__WORK TO BE COMPLETED__:
Beginning at the line that contains "Haori Black and Pink Clouds", repeat each line exactly through the last one of the records below, and leave out the pictures.

__RECORD EXTRACTS__:
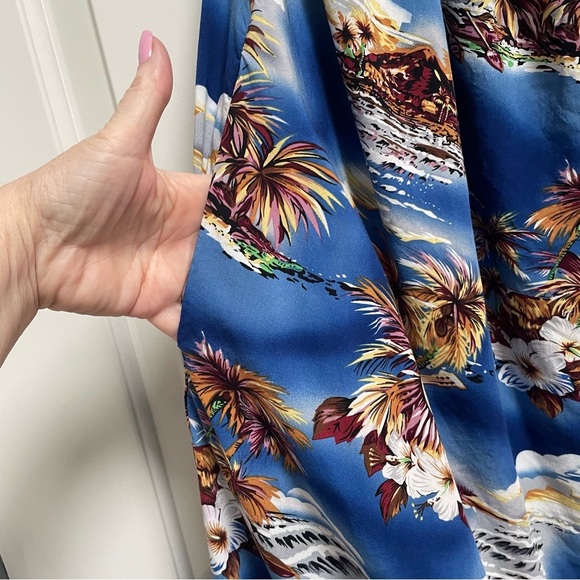 Hilo Hattie Blue Hawaii 3X Made in USA Tulip Sleeve Tropical Muu Muu Dress Beach - Picture 4 of 11
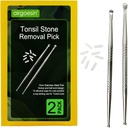 Airgoesin 2pcs Tonsil Stone Removal Pick Tonsillolith Premium Tool Stainless Steel Oral Cleaner with 10 Soft Silicone Caps
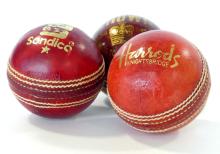 THREE LEATHER CRICKET BALLS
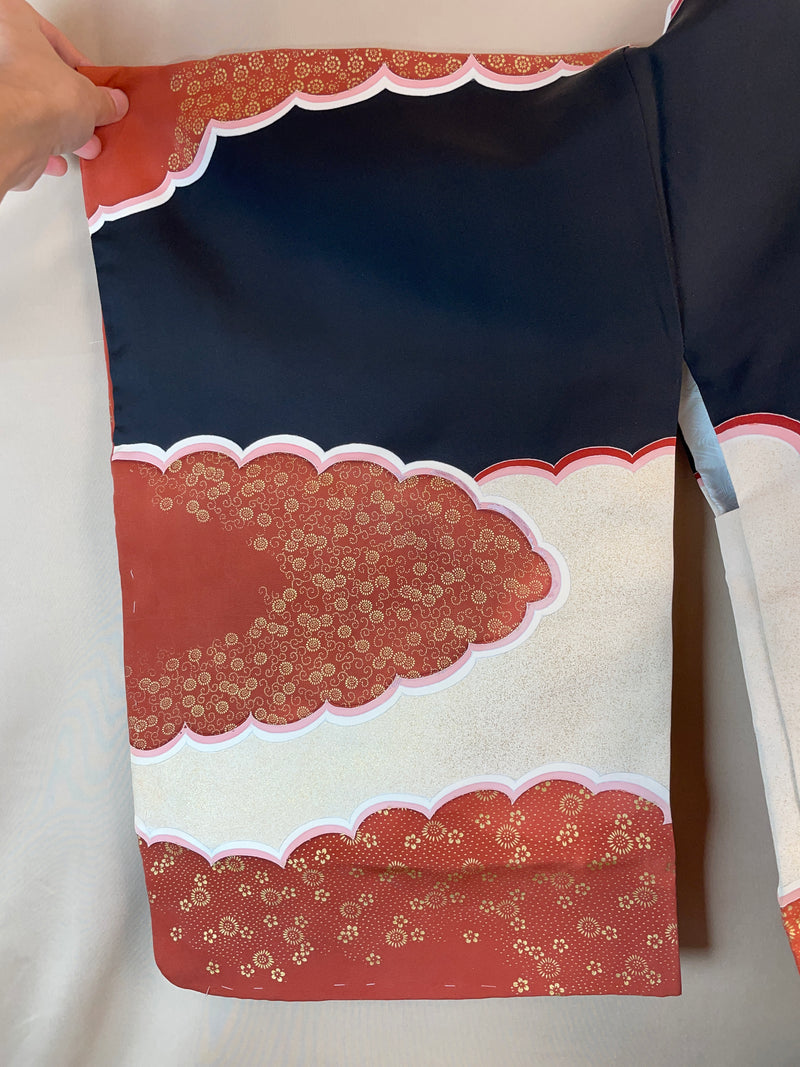 Haori Black and Pink Clouds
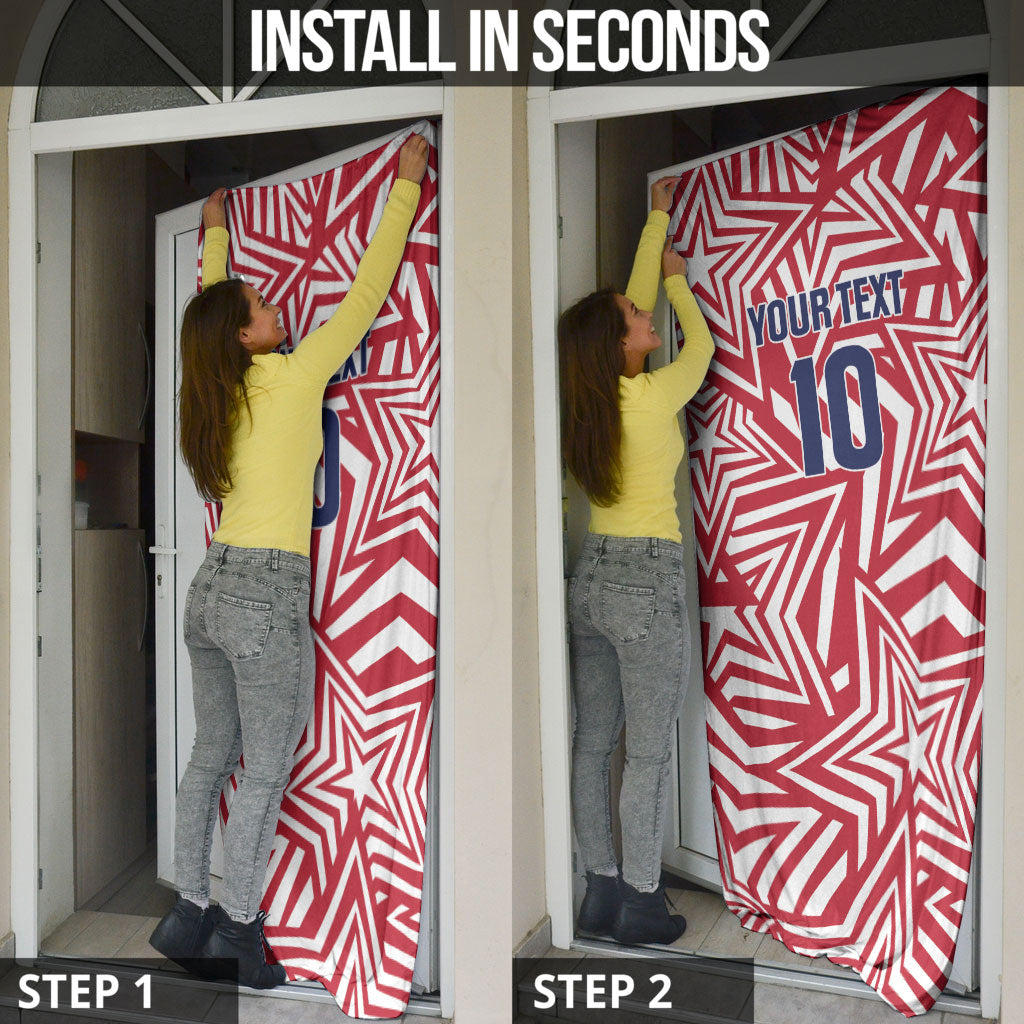Custom Soccer 2026 USA Door Cover Red Star Stylized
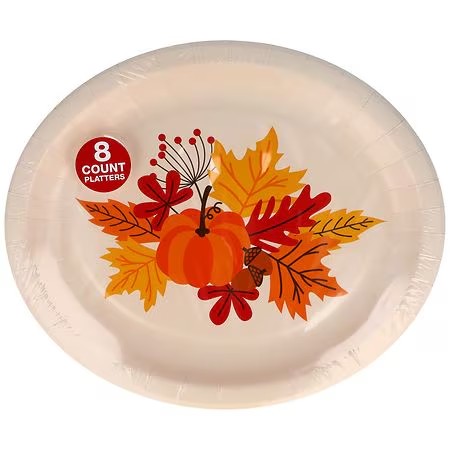Fall into Autumn Platters Harvest - 8.0 ea pack of 12 - 629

__WRITTEN SOLUTION__:
 Haori Black and Pink Clouds
Custom Soccer 2026 USA Door Cover Red Star Stylized
Fall into Autumn Platters Harvest - 8.0 ea pack of 12 - 629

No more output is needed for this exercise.